Я обнял девушку и прижал к себе. И тут же последний кусочек головоломки встал на место. Нет, конечно, проблемы, которые привели меня сюда, еще далеко не решены, однако какие-то достижения все же есть, хотя и незапланированные… Боги, какой сухой язык, - вздохнул я. Об этом следует говорить благоговейно - или не говорить вообще.
Я разобрался в том, что беспокоило меня последние дни. Понял, какое чувство заставляло искать общества Жули, слышать ее голос, ощущать прикосновения - пусть мимолетные, но все же… Даже если я всего этого не осознавал, что-то медленно рождалось во мне, развивалось и грозило сейчас выплеснуться наружу.
Боясь не сдержаться, я остановил свои жадные руки и просто обнял девушку. Не сбрасывая одеяла, она забралась под покровы, улеглась и прижалась ко мне спиной. Я осторожно обнял ее за талию, не позволяя себе хватать где-то еще. Потом девушка развернулась лицом и уткнулась мне в шею.
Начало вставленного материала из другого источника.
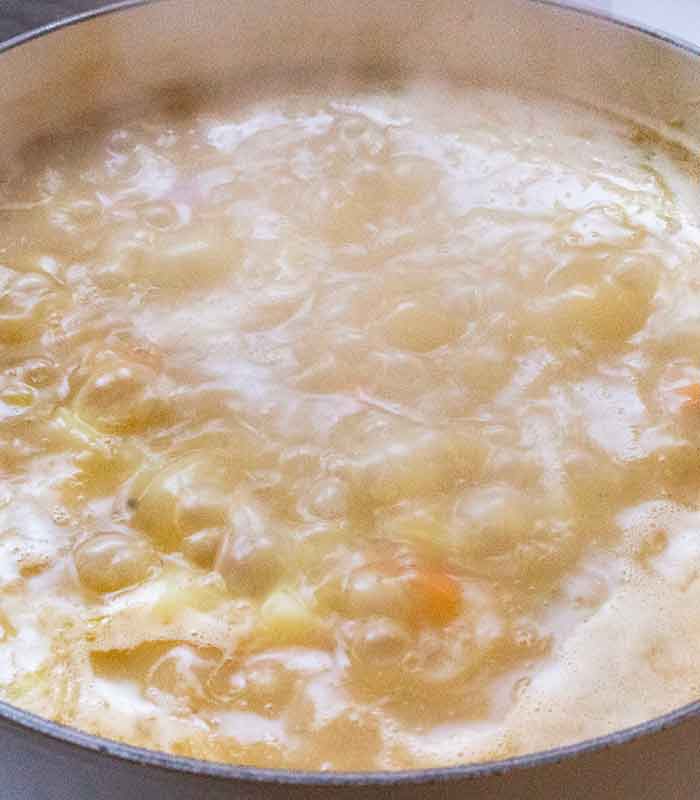 Close-up of surface of the soup in boil mode.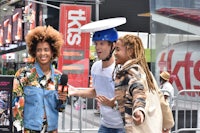 two people talking to a reporter on a street in times square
Я зарылся в ее волосы, с наслаждением вдыхая пьянящий аромат.
Наш мир создан сложно. Применительно к определенной теме, можно рассуждать, что о вещах деликатных говорят по-разному, от полного умолчания до самых откровенных речей. И все же я считаю, что здесь может, должно быть лишь три варианта. Благоговейно, либо похабно, либо никак. Равнодушный, сухой рассказ о таинствах любви опошляет ее куда сильнее, чем самый похабный, с многозначительными подковырками, подмигиваниями и откровенными ухмылками. Благоговейность же воздает должное всему тому возвышенному, что было сказано за время существования цивилизации. Молчание… А что - молчание? Что может быть красноречивее и мудрее него?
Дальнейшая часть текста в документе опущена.